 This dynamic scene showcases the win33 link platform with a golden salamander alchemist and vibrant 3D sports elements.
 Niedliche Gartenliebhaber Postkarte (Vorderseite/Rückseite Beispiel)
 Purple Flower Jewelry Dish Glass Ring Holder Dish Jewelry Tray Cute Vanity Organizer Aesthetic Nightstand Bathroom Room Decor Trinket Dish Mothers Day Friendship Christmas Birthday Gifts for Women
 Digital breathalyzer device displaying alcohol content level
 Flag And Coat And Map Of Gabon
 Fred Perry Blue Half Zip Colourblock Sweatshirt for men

━━━━━━━━━━━━━━━━━━━━

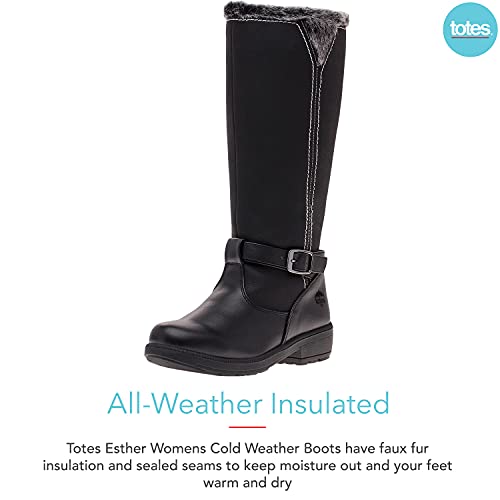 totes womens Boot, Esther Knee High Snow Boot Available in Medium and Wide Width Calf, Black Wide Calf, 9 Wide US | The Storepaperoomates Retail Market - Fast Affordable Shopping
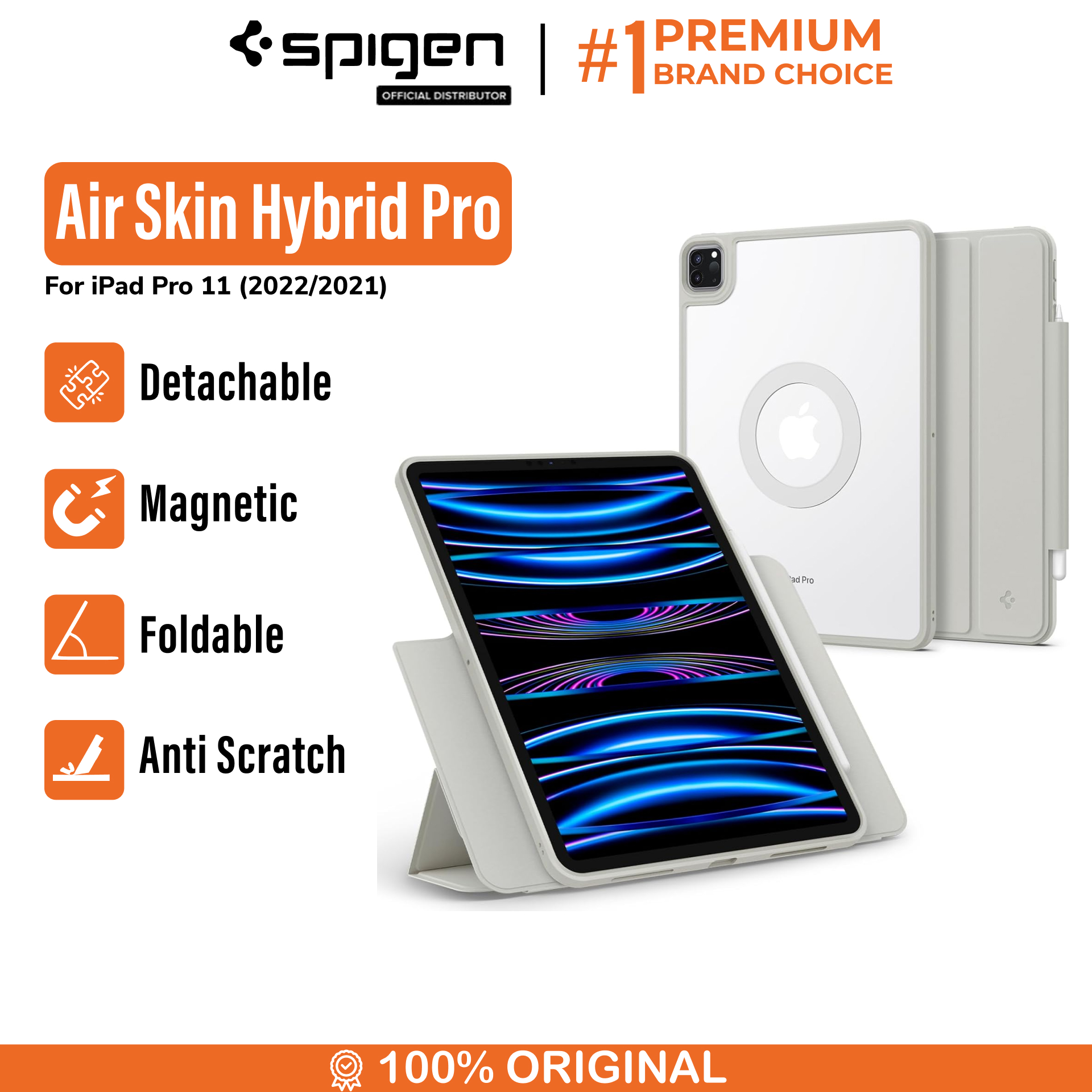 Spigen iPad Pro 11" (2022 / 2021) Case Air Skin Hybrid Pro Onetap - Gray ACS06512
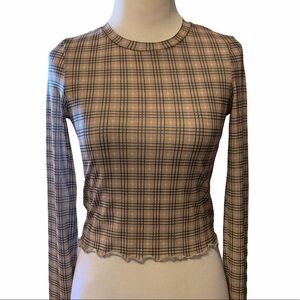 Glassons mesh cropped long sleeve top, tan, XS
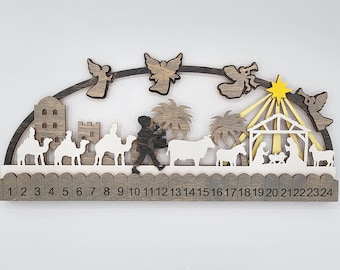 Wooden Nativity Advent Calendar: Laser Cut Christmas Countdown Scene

━━━━━━━━━━━━━━━━━━━━

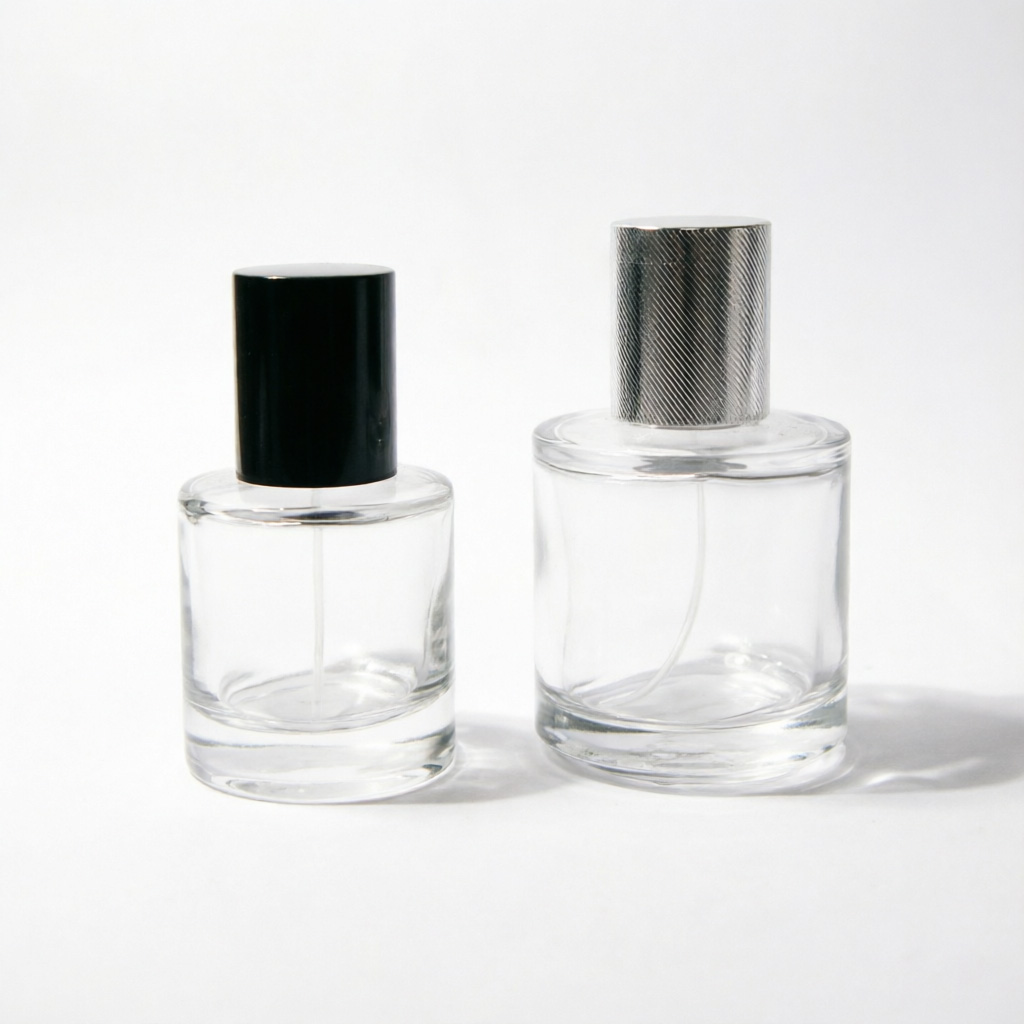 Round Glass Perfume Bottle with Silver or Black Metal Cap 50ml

━━━━━━━━━━━━━━━━━━━━

** Exercise description **
In the listing above, the lines from the one containing "This dynamic scene" through the one containing "Fred Perry Blue" must be set down exactly, with no other lines.

** Task answer **
 This dynamic scene showcases the win33 link platform with a golden salamander alchemist and vibrant 3D sports elements.
 Niedliche Gartenliebhaber Postkarte (Vorderseite/Rückseite Beispiel)
 Purple Flower Jewelry Dish Glass Ring Holder Dish Jewelry Tray Cute Vanity Organizer Aesthetic Nightstand Bathroom Room Decor Trinket Dish Mothers Day Friendship Christmas Birthday Gifts for Women
 Digital breathalyzer device displaying alcohol content level
 Flag And Coat And Map Of Gabon
 Fred Perry Blue Half Zip Colourblock Sweatshirt for men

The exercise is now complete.